The problem with Operating Partners?

No one knows what they actually do, and it’s costing the model its best people.

Private equity has embraced the OP model. Over 63% of firms now employ them, up from 46% just five years ago (EY, 2023). But here’s the kicker:

The average tenure of an Operating Partner is less than 3 years

And in over 40% of firms, OPs report to multiple stakeholders with conflicting priorities (Bain, 2022)

Translation?

They’re often set up to fail.

They carry the weight of value creation but sit in the grey zone:

• No P&L ownership
• No formal authority over management
• No clear mandate from the investment committee

Yet they’re expected to drive pricing strategy, digital transformation, org redesign, and hold the CEO’s hand while doing it.

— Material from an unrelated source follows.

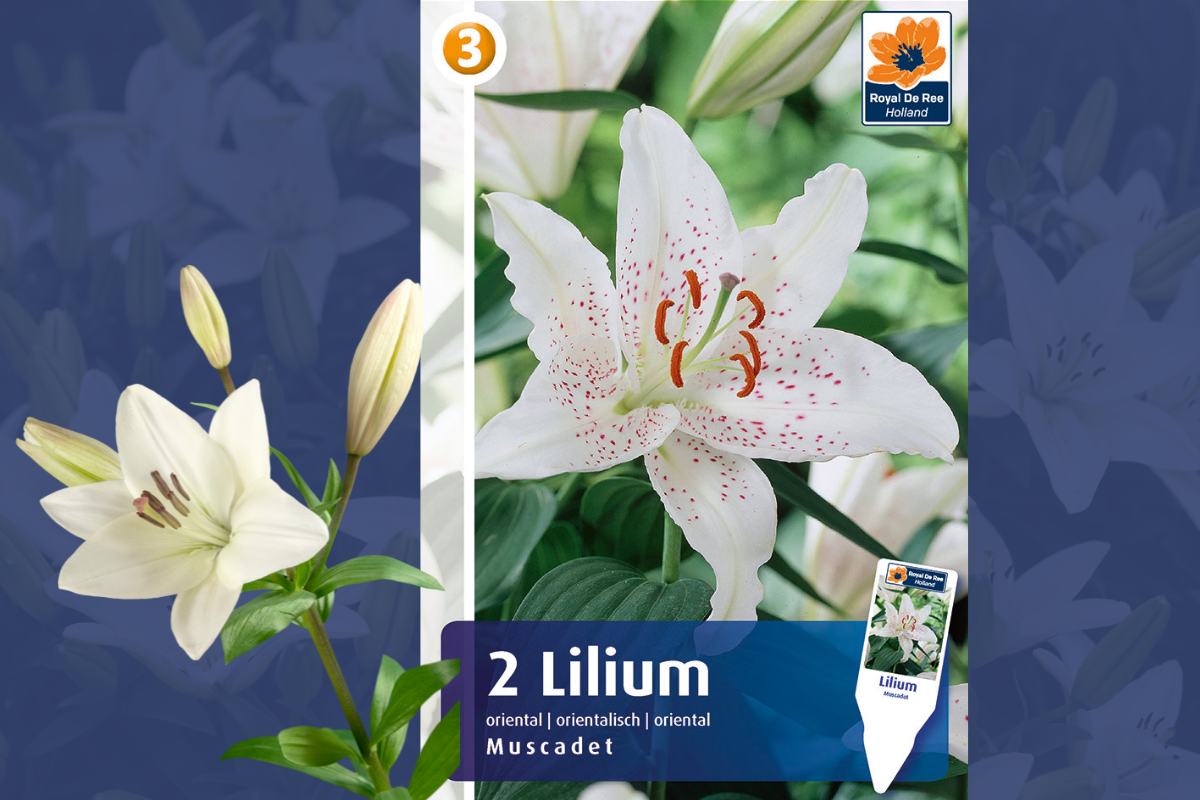 Master Lilium oriental Muscadet 2/1 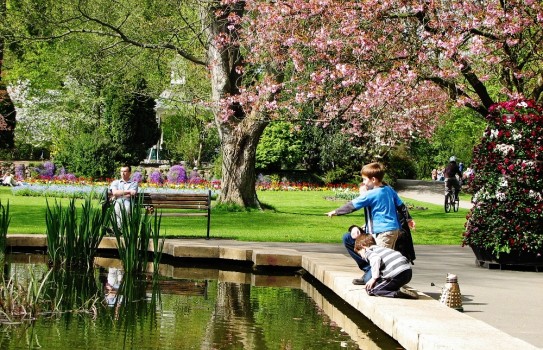 Old Town Gardens Swindon Old Town Gardens Swindon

And PE firms know it’s not working.
Some have tried embedding OPs inside portcos as interim CXOs.
Others use a “bench model,” dropping in functional specialists as needed.
A few are giving OPs board seats.

These are steps in the right direction, but still too rare.

Let’s be clear:

The issue isn’t the Operating Partner.
It’s the operating model.

Here’s what needs to change:

1. Define the mandate. Align the OP’s role with the deal thesis. No more generic “value creation” blur.
2. Back them with budget and authority. Influence is great. Authority is better.
3. Tie compensation to measurable outcomes. Not “support,” but actual EBITDA movement.
4. Treat them like investors, not fixers. They’re not there to clean up, they’re there to build.

Operating Partners are often the most overleveraged asset in the fund. High expectations, limited tools.
And yet, when empowered, they’re the best ROI in the business.